C’est la raison pour laquelle les Restos ont fortement agi pour la mise en place de dispositions fiscales en faveur des dons des producteurs agricoles. Nombre d’entre eux connaissent des situations souvent difficiles ; certains franchissent aussi la porte des Restos pour bénéficier d’une aide et d’une écoute. Ceux qui sont en capacité de donner le font, et la générosité du secteur ne s’est jamais démentie, mais il faut continuer à l’encourager.

Les Restaurants du Cœur ont formulé depuis longtemps des propositions et mené des expérimentations pour que toutes les filières agricoles puissent donner. L’élargissement est désormais fortement attendu sur les filières viandes: nous attendons un signal du Gouvernement sur le sujet.

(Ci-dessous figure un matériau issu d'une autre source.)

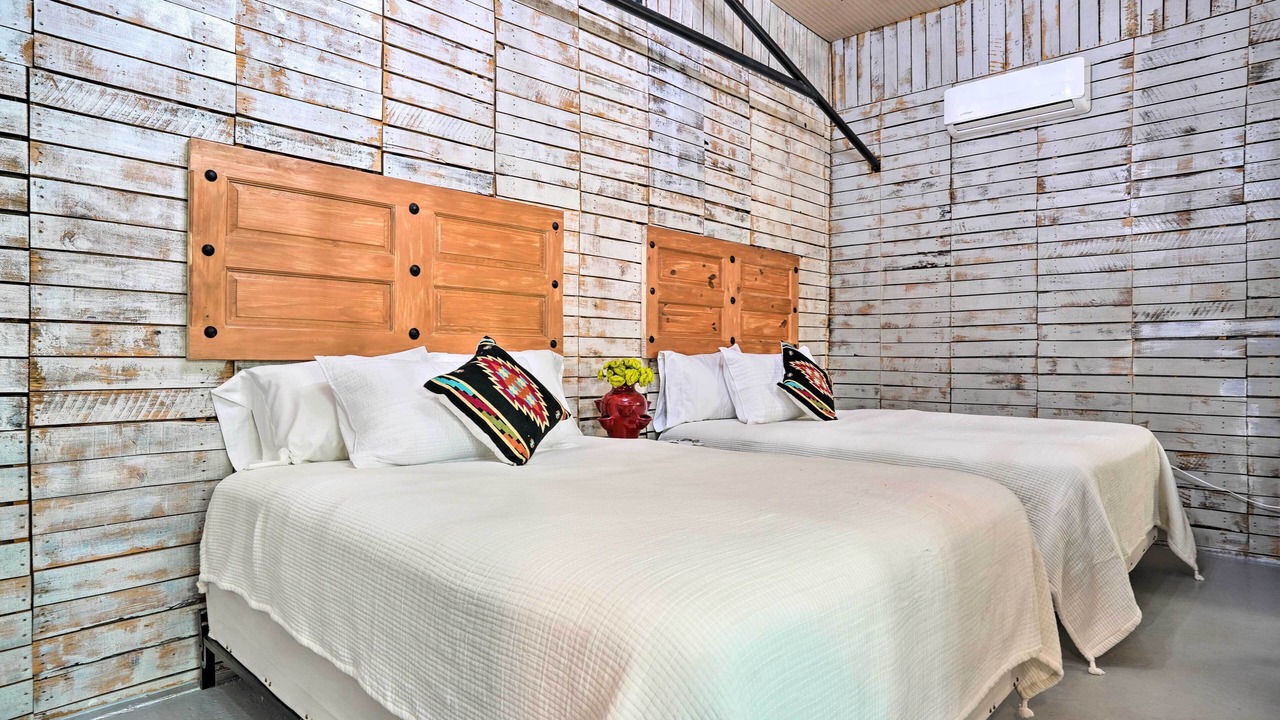 Photo of Bedroom in Western Division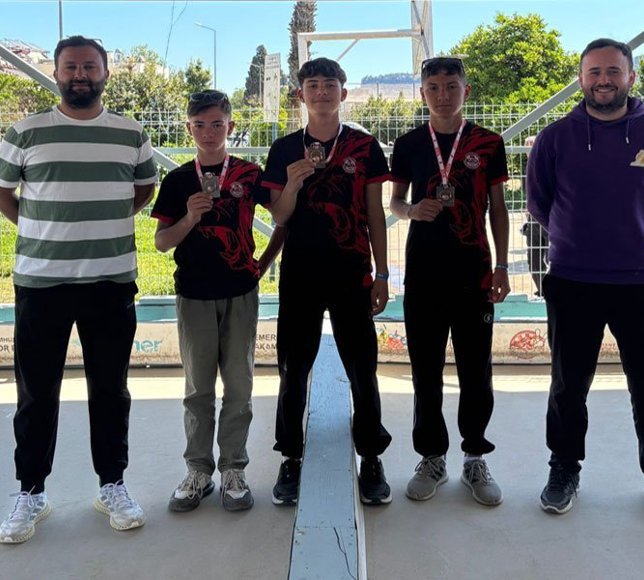 Afyon'dan Petankta Türkiye derecesi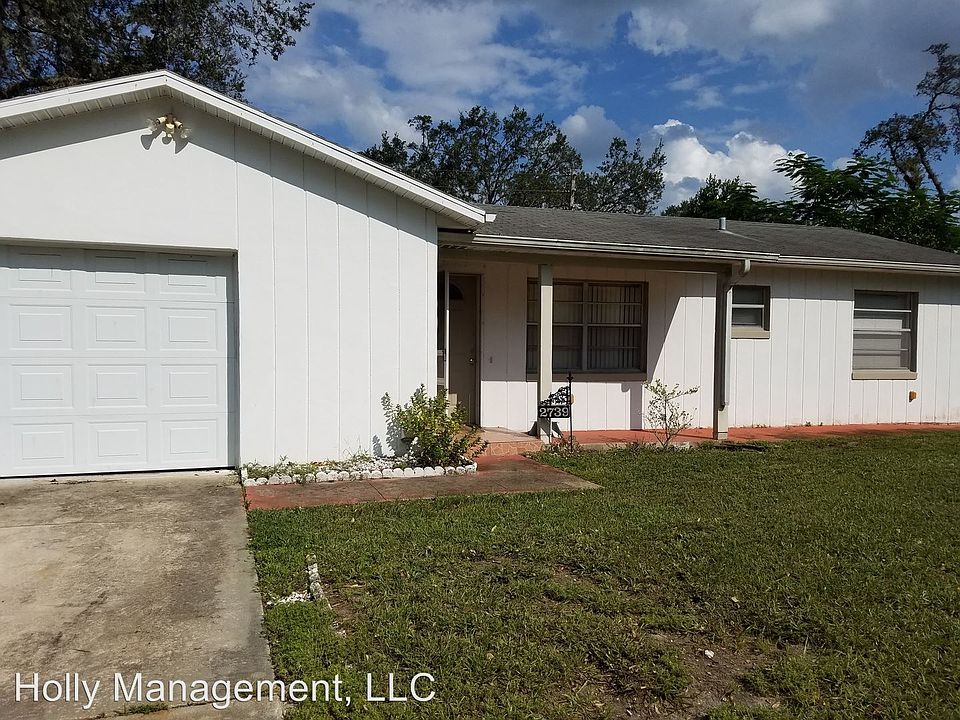 1st image of 2739 Kinnon Dr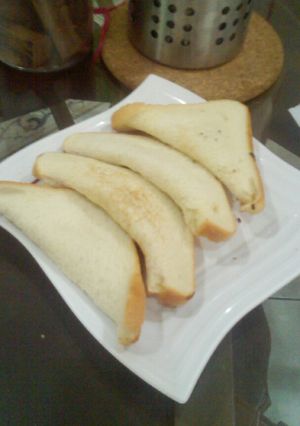 Foto resep Roti bakar tawar isi coklat meses#BikinRamadhanBerkesan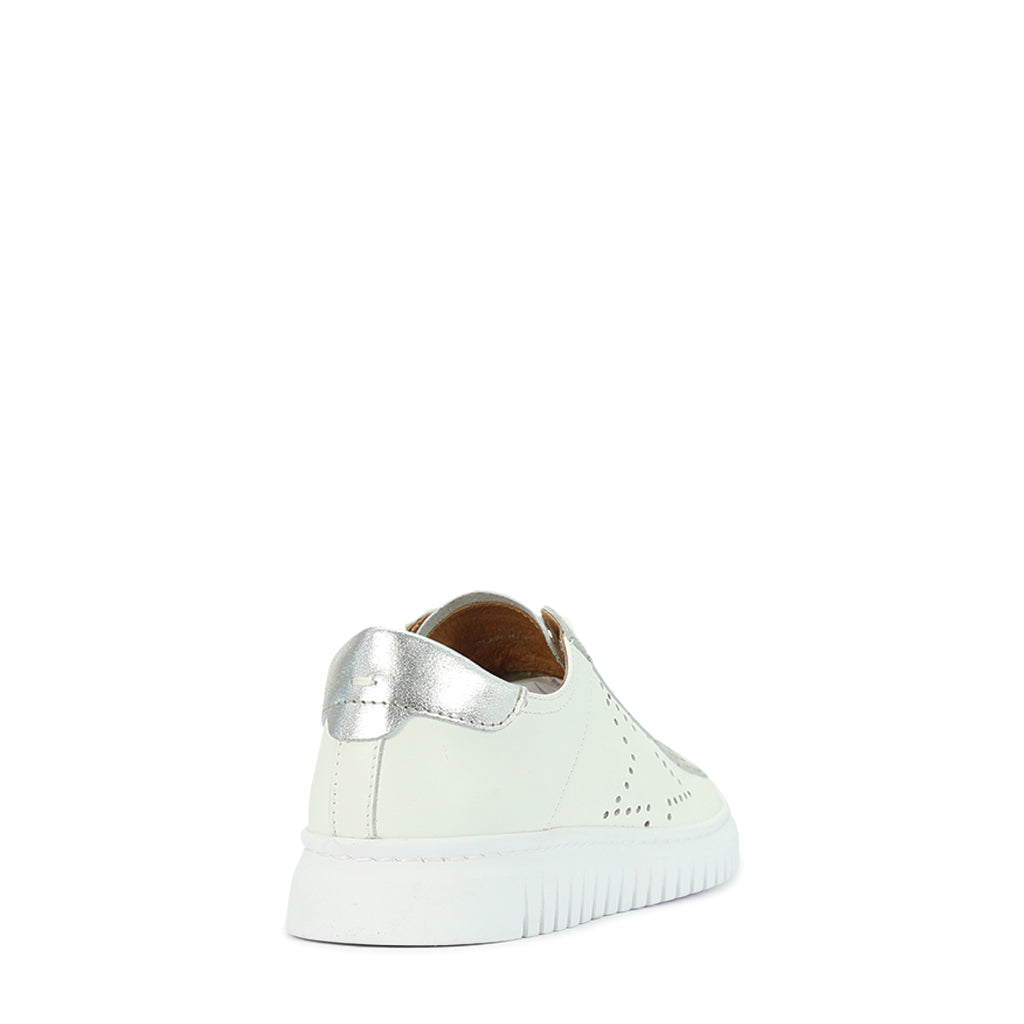 CLAW Leather Sneakers for Men & Women - Stylish & Comfortable Casual Shoes for Walking, Running & Everyday Wear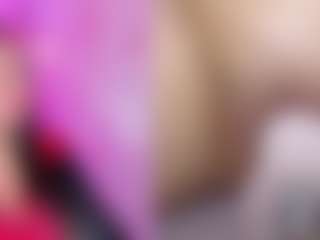 CataleyaGlow's Live Sex Cam Show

La lutte contre le gaspillage alimentaire, à travers la récupération d’invendus –que les Restos pratiquent depuis des années- doit aussi s’amplifier dès lors qu’elle permet de bénéficier des dons de qualité, respectueux des personnes et de leurs besoins.

L’Europe et la sécurité alimentaire

Enfin, la question de l’accès de tous à une alimentation équilibrée –et celle, indissociable, de l’inclusion sociale – doit aussi être traitée à l’échelle européenne.

C’était déjà ce qu’avait compris Coluche lorsqu’il a demandé l’ouverture des frigos de l’Europe en 1986, ce qui aboutit à la création du Programme européen d’aide aux plus démunis (PEAD) devenu depuis 2014 un Fonds européen dédié, le Fonds européen d’aide aux plus démunis (FEAD), qui représente environ un repas sur quatre distribué aux Restos. Il est garanti jusqu’en 2020, mais qu’en sera-t-il dans quelques mois, lors de la renégociation du budget de l’Europe ? Il est imparfait et insuffisant, mais absolument incontournable aujourd’hui. Les Etats généraux de l’alimentation doivent permettre de le réaffirmer: l’Europe doit poursuivre et amplifier son ambition en matière de sécurité alimentaire et d’inclusion sociale, à travers un outil ambitieux, vecteur de solidarité et de cohésion sociale à l’échelle de l’Union.

Les Restos ne manqueront pas de faire valoir, en toute indépendance comme ils le font depuis près de 32 ans, ces enjeux dans les semaines à venir dans le cadre des concertations qui se tiennent depuis cette semaine.